The task:
Where a picture appears, skip it; print everything else in the records exactly as it stands.

── Records provided ──

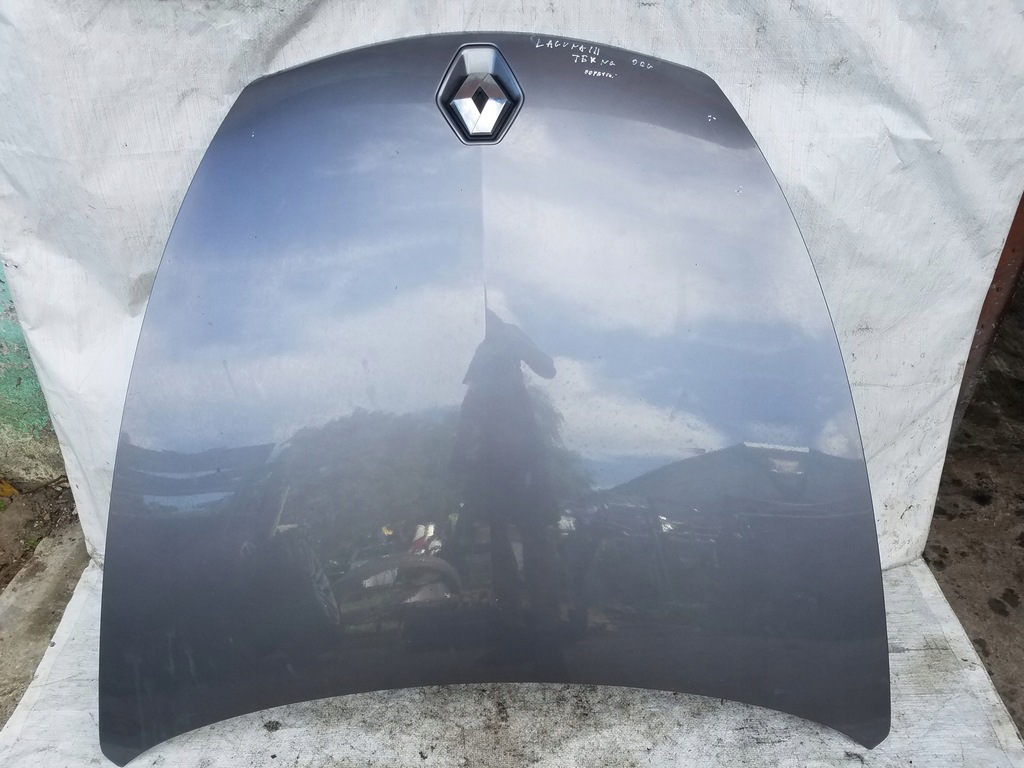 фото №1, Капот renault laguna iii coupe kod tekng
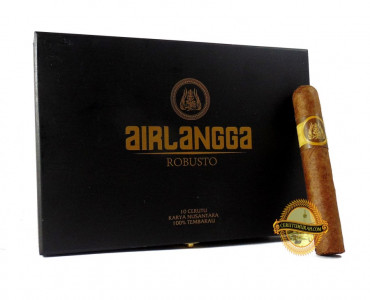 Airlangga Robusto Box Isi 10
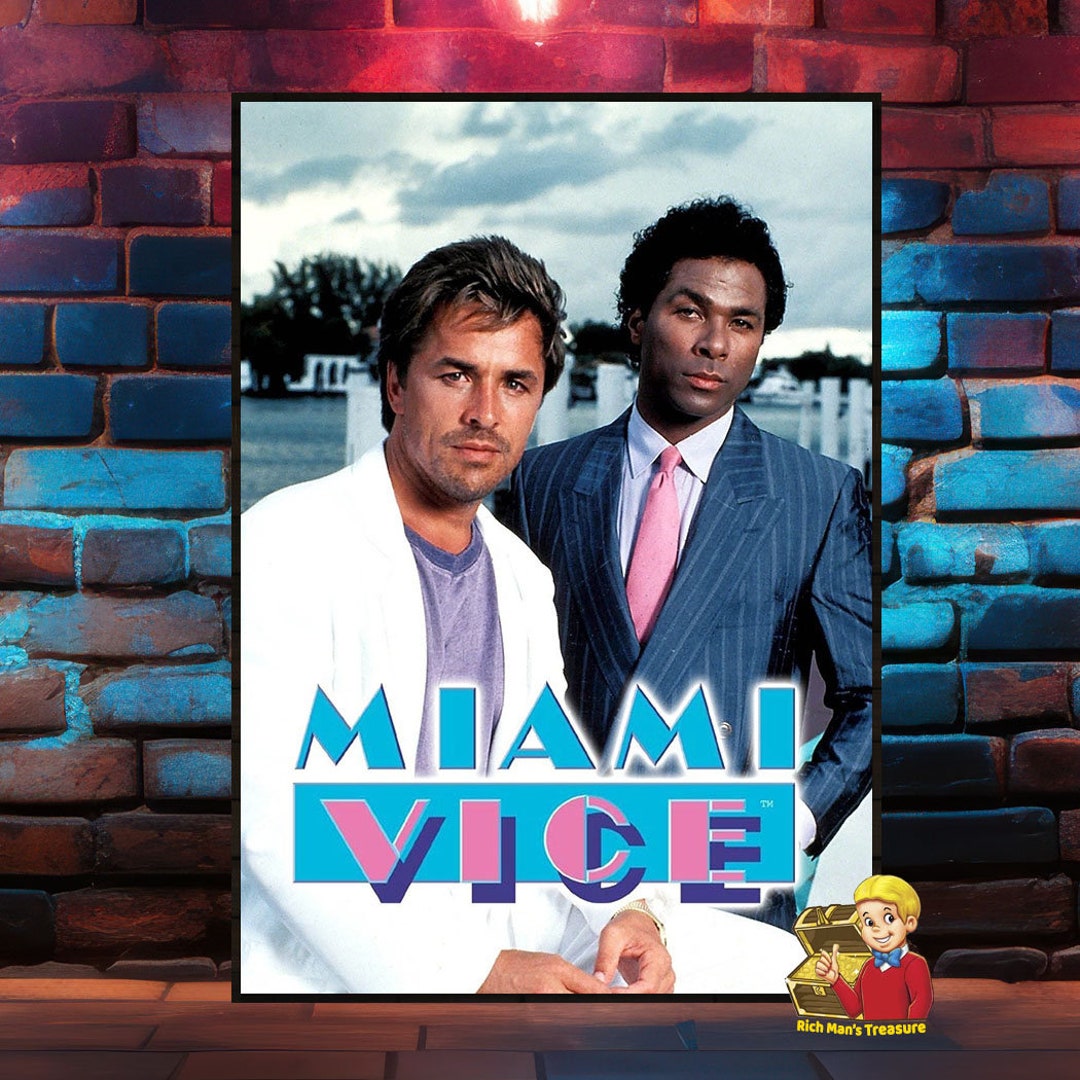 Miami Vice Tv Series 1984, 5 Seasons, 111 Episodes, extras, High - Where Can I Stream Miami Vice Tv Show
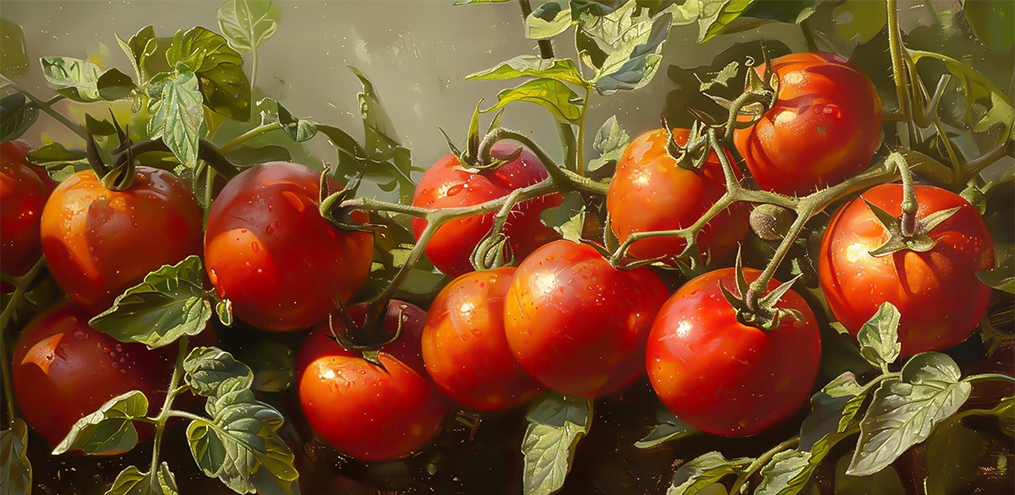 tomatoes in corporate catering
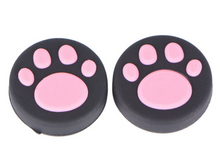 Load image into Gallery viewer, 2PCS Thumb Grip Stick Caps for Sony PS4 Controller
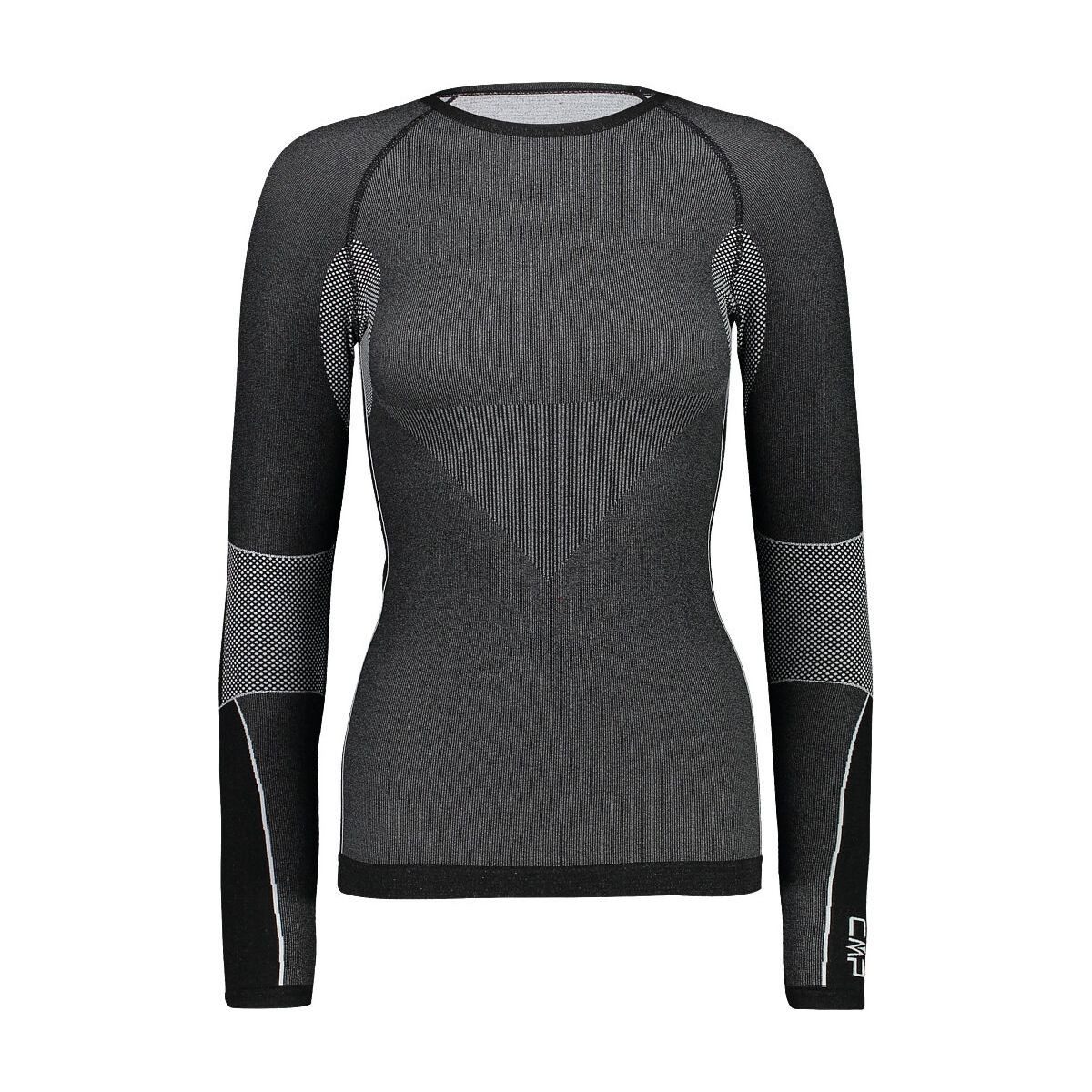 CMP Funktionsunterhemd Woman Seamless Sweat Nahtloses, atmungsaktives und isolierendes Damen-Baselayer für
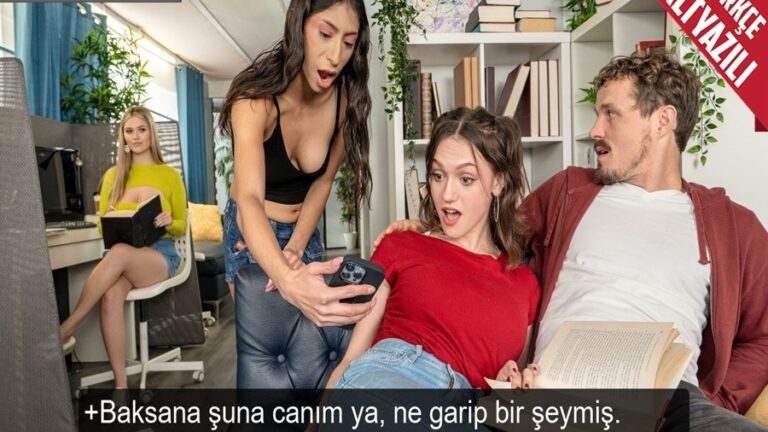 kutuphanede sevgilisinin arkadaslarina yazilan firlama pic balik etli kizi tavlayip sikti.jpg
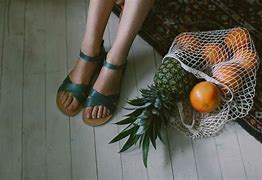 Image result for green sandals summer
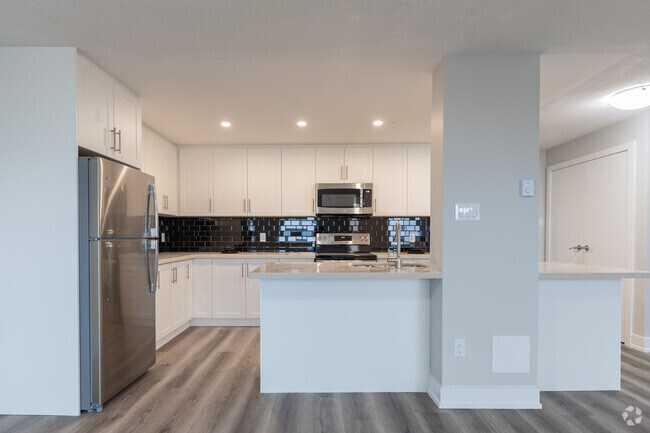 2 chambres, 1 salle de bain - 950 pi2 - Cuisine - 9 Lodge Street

───

The answer:
 фото №1, Капот renault laguna iii coupe kod tekng
 Airlangga Robusto Box Isi 10
 Miami Vice Tv Series 1984, 5 Seasons, 111 Episodes, extras, High - Where Can I Stream Miami Vice Tv Show
 tomatoes in corporate catering
 Load image into Gallery viewer, 2PCS Thumb Grip Stick Caps for Sony PS4 Controller
 CMP Funktionsunterhemd Woman Seamless Sweat Nahtloses, atmungsaktives und isolierendes Damen-Baselayer für
 kutuphanede sevgilisinin arkadaslarina yazilan firlama pic balik etli kizi tavlayip sikti.jpg
 Image result for green sandals summer
 2 chambres, 1 salle de bain - 950 pi2 - Cuisine - 9 Lodge Street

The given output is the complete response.